Tuesday, May 23, 2017

Balance Sheet

I felt tempted to fish bass today in the rain, but stuck to catching up on things, writing an article on fishing the Florida Keys the biggest task. It's written for people on a budget, and its genius is my wife, Patricia's. She hatched the idea of vacationing in the Keys independently, researched the possibility, and came up with a plan we could afford. We went twice. The second venture involved 10 or 11 days. Those were the Glory Days. 2007 and 2012, when I worked for a credit union. In my current job, I can't hope for as much vacation time as 2012 required, not for a long time perhaps. I've worked there almost a year, and I don't yet know what hopes for more vacation than a week out of a year I might eventually have. I haven't felt incentive to look into the issue.

Having planned on fishing Lake Hopatcong again today, I anticipated my friend's desire to fish a sunny day, suggesting we try in late September. I wouldn't have thought of this without the rain. So the big springtime thrust of fishing experiences comes to a close, yesterday a success especially because it proved not to be too much. Now I know I can fish weekends, even though I have to report to my job both Saturday and Sunday all summer, but I won't overdo this, as there's too much I have to get done.

Often when I focus on tasks here at home, a mood comes over me as a reminder that it's less what anyone does that matters, and more who he or she is in this world. The essence of my contemplating the circular aspect of Lake Hopatcong Sunday, related in the post I finished very early yesterday morning.
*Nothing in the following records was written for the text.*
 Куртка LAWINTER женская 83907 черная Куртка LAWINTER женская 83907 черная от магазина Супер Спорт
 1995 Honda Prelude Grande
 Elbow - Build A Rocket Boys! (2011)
To confuse particular achievements as who you really are, as if the value responses they confer--even if only your own--add up to your own value, is to forget reality no one can create, and which, in terms of achievement, only demands of anyone that he or she be aware and embrace what is sensed. An affirmation which discloses the self as much as it reveals the world, obviously because both are inextricable.
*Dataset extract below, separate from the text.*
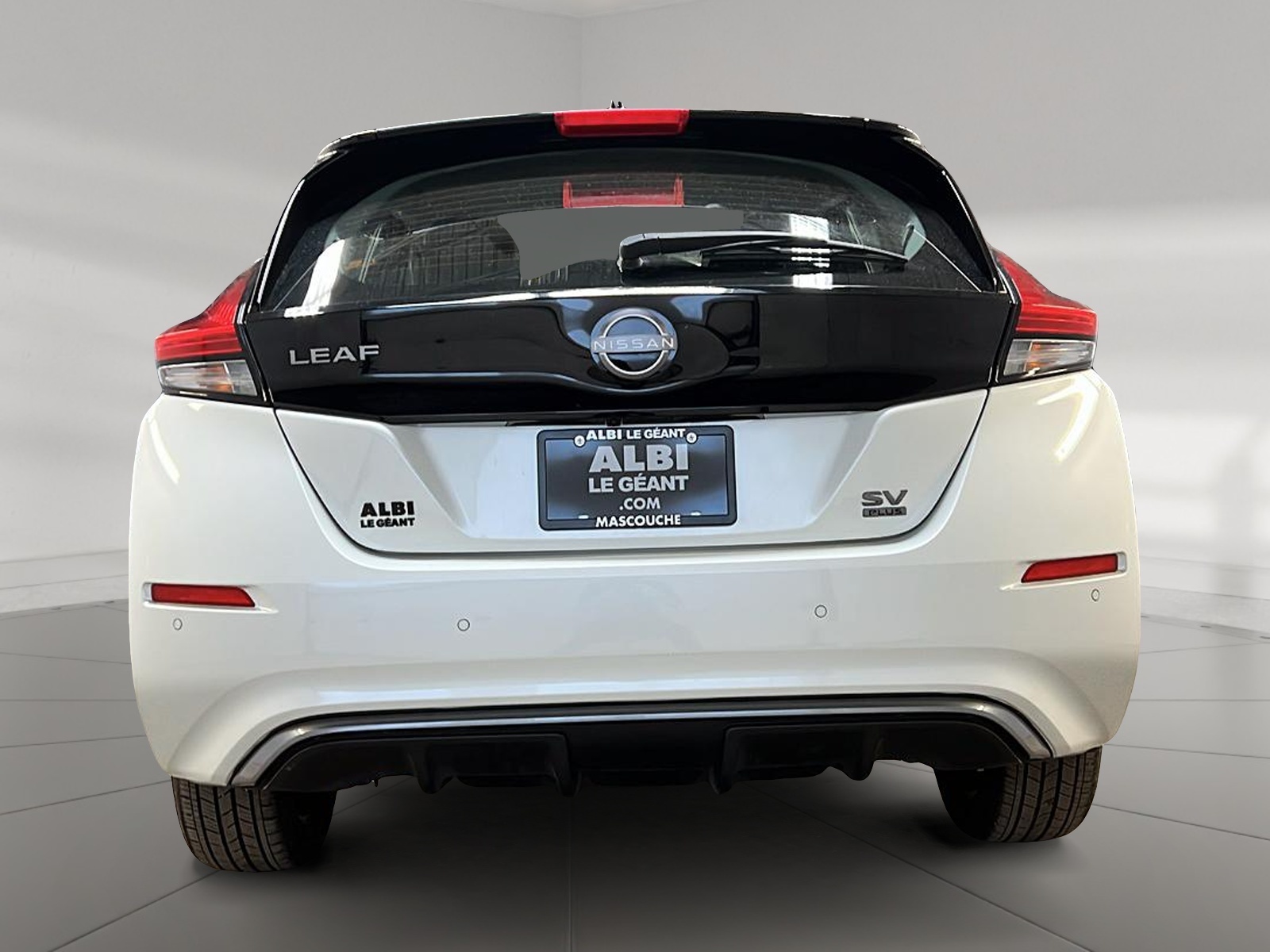 Nissan Leaf SV PLUS NAV 2025 - image #5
I remember a book from the 70's. Think the 70's, not 60's. Culture of Narcissism. And look at America today. Or the global culture. At least in the 70's people admitted this disorder.

Often I write an article, feel proud of it. In fact, it's well done. I have skill with words I've achieved. And then, it all disintegrates in my mind; comes to me like this: a farce. Right words, right order--doesn't matter. Because taken as a whole, any article I write is a particular assertion and so undercut as false by this deeper reality that doesn't need any sort of explication.

So what is the issue here? Words. And sense. Both are facts. It's not as if the verbal mind hasn't--in fact--needs. As my words come undone, the problem might not be any inherent falsehood regarding their assertion, but a lack of balance in my life in need of sense to compensate for struggles to achieve. I work to make money. Both as a writer and a supermarket worker. My family needs income. But I do this in a larger societal context, and I also do this in a larger biographical context. I'm well aware it seems as if I attempted too much as a young man, so I can find some agreement with the conservative line that we get what we deserve in life.

It's easy to see that agreement, but the struggle itself is a wrestling match with the Devil. Just what is it that I have got and deserve? This is the question that value judgment common among conservatives never ventures to answer. I haven't answered this question myself, either. I try. I doubt a conservative mind would have this courage.

This I know. There is rationality and a real world. Even a little of this in that supermarket where I work. What I earn is up to me. Correct? Obviously, I need to get ahead. And then I can rebalance with sense, as I put it.

So the years ahead, these will be interesting in this respect, to see what becomes of me. But it never will be about me, as much as about this world of reason and sense I touched upon. On Lake Hopatcong with my son Sunday morning.